How to find information that is not there
The light of reasoner
All men are mortal. Socrates is a Man. Therefore Socrates is a mortal.
This is possibly the most famous example of syllogism ever conceived. It is one of the classical examples of logical thinking that are completely natural to us, but can be awfully difficult for a computer. Unless you have a reasoner, that is. And this is what this post is about.
Hello. I am Michelangelo, and I work at Grakn Labs, where we develop a software stack providing a flexible object-oriented schema and a knowledge-oriented query language, capable of real-time analytics and reasoning.
As prefaced in the introduction, in this post, I’m going to explain how to use an open-source semantic reasoner to work on a free movie dataset and build new knowledge, allowing you, for example, to list out popular movies without knowing in advance which movies are popular. It sounds difficult, but I’ll go through the basic concepts as we go through.
This is not an introduction to the Grakn software stack or Graql (our own query language). Fear not, though, for I have already published on Medium a series of posts covering the basics of the language and you can refer to those posts if you need a gentle introduction. Or you can have a look at our documentation for a more detailed presentation.
If, on the other hand, you are ready to go or are curious, and not interested in learning the details of Graql just yet, please read on.
Setup and data origin
As it is a quite established tradition, our dataset is going to contain information about movies, actors and several related concepts. The dataset is, in fact, a small subset of the data on which Moogi— a semantic search engine built with the Grakn technology — is based. Given that the we are using the same technology and a self-contained subset of the data, you could even build your own mini-version of Moogi, if so desired.
Big disclaimer before proceeding: Moogi is, at the moment, just a proof-of-concept; consequently, the data extracted is quite dirty and you could obtain some weird and redundant results while exploring it. It might be cleaned in the future, but, after all, these errors in the data are not particularly important: the only practical value of the dataset we will be using is for testing purposes.

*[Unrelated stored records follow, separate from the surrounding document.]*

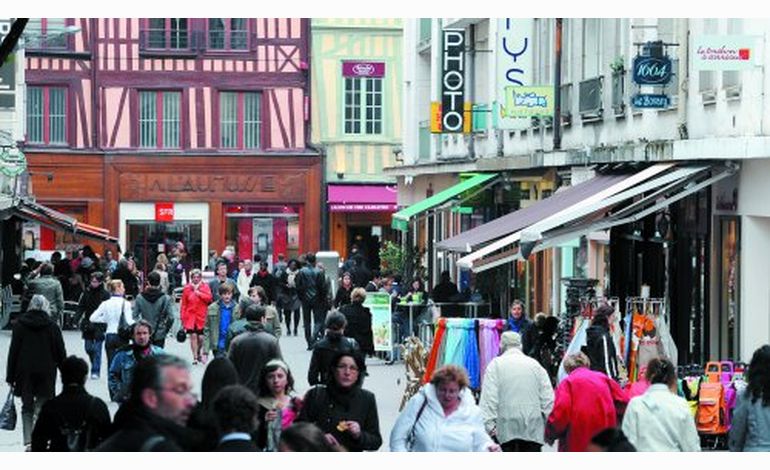 Grand déballage de Rouen : faites des affaires sur les trottoirs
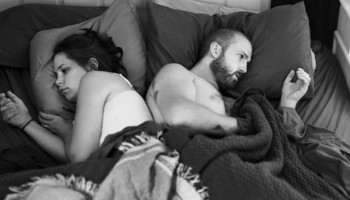 כך נראות סיטואציות יומיומיות מוכרות כשמעלימים מהן את הסמארטפונים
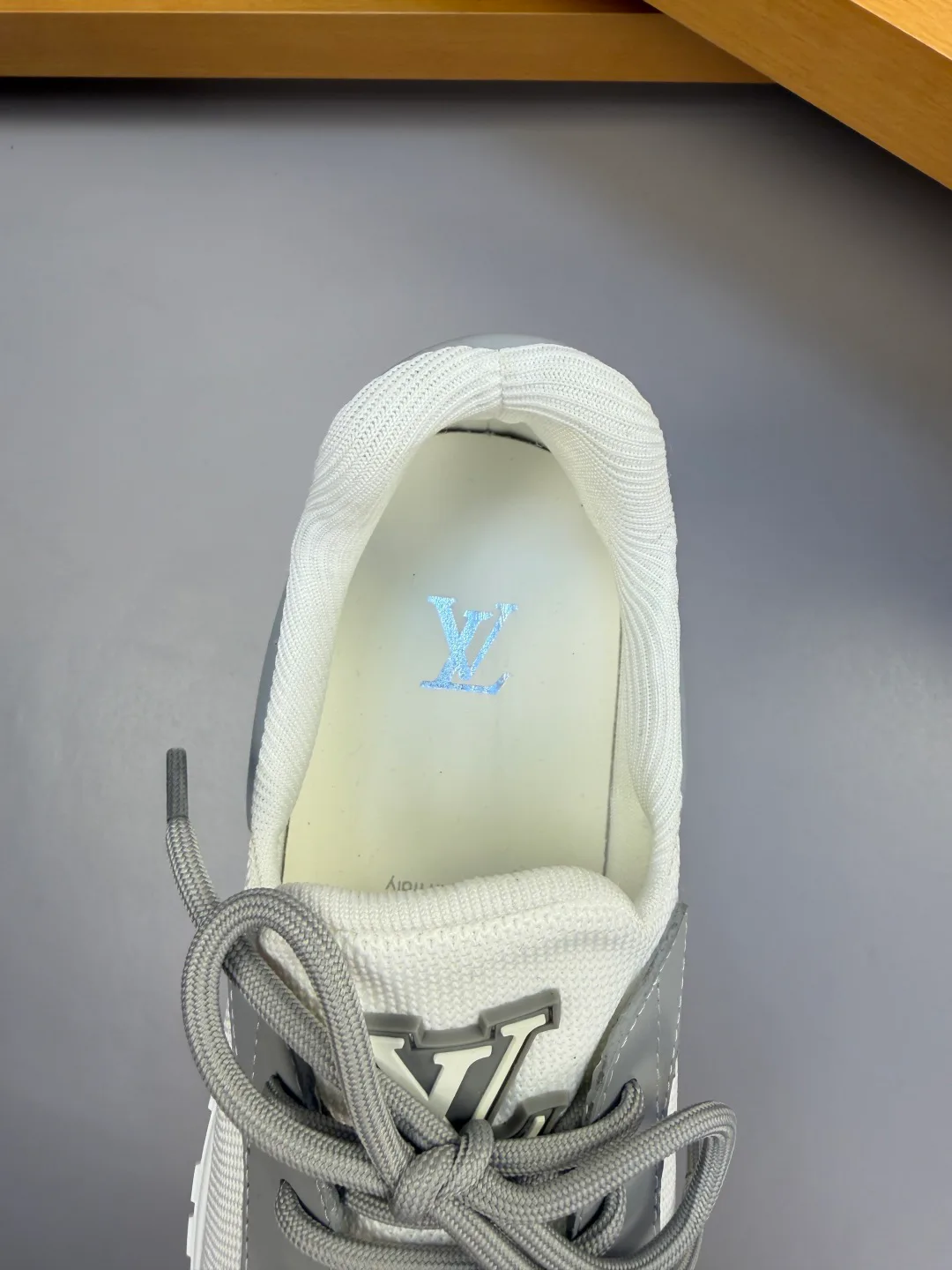 Men's Sneakers LOUIS VUITTON 17955089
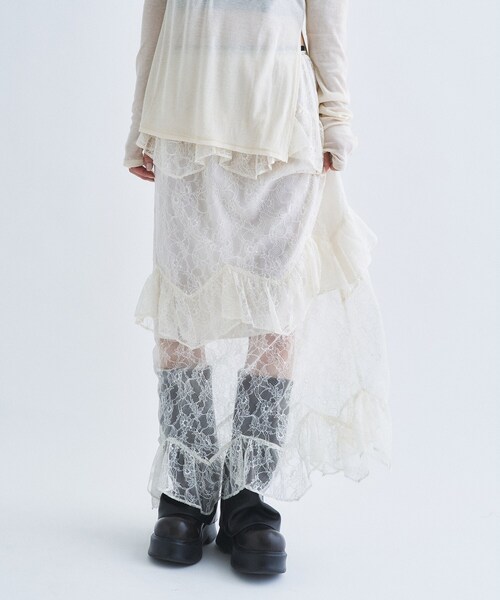 CODE A(コードエー)の「layered veil lace skirt(スカート・レディース・ブラック/オフホワイト・00)」の4枚目の写真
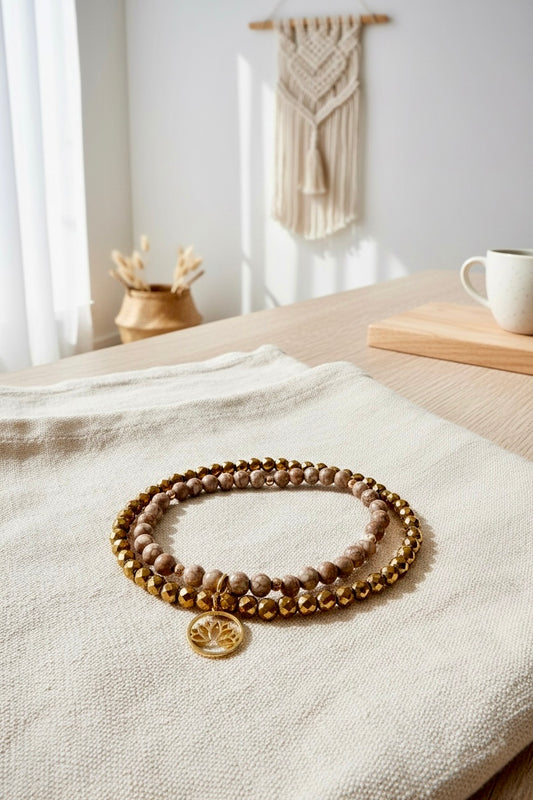 Bracelets en Pierre de Maifan & Pyrite naturelle – Lotus doré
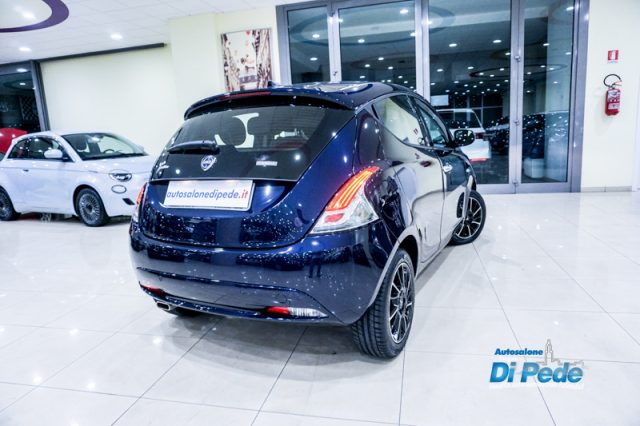 LANCIA Ypsilon usata, con Fendinebbia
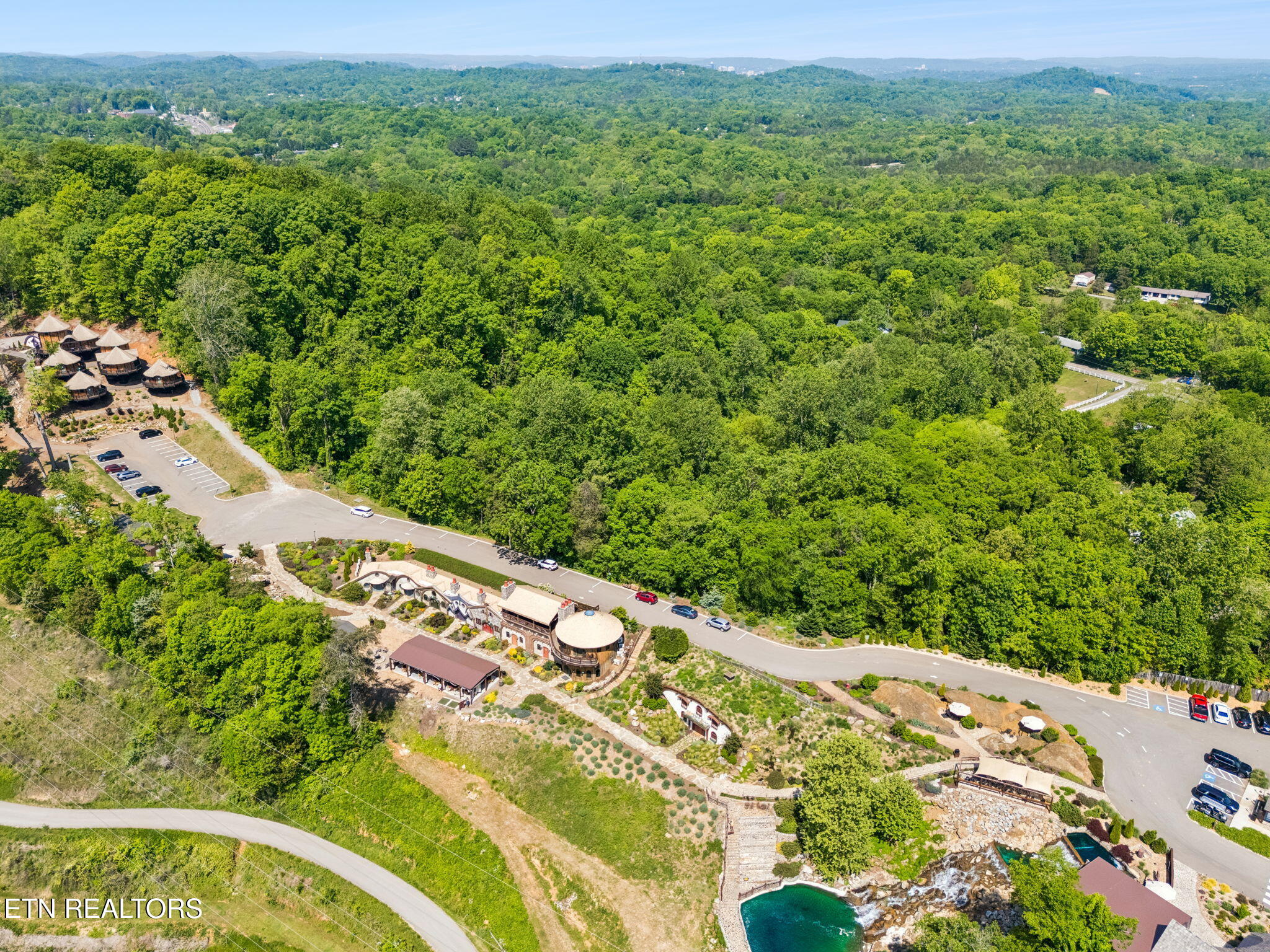 6911 Sevierville Pike Knoxville TN 37920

NOTE: The code below was correct for early versions of Grakn. Since it was published, we have introduced some changes to Graql syntax as the platform has matured, and we have yet to update this blog post.
Where to find the data
The dataset we are going to use can be found on our public repository in the sample-dataset folder. You just need to download it and follow the instruction on the readme, just a couple of steps, nothing complicated.
About the dataset
The dataset we have just downloaded contains movie-related data, such as actors, director, original title, Rotten Tomatoes scores etc. If you want to have a more detailed idea of what kind of data you can find in the dataset and how it is organised, I suggest you take some time to have a look at schema.gql file, which, not surprisingly, contains the information related to the database schema.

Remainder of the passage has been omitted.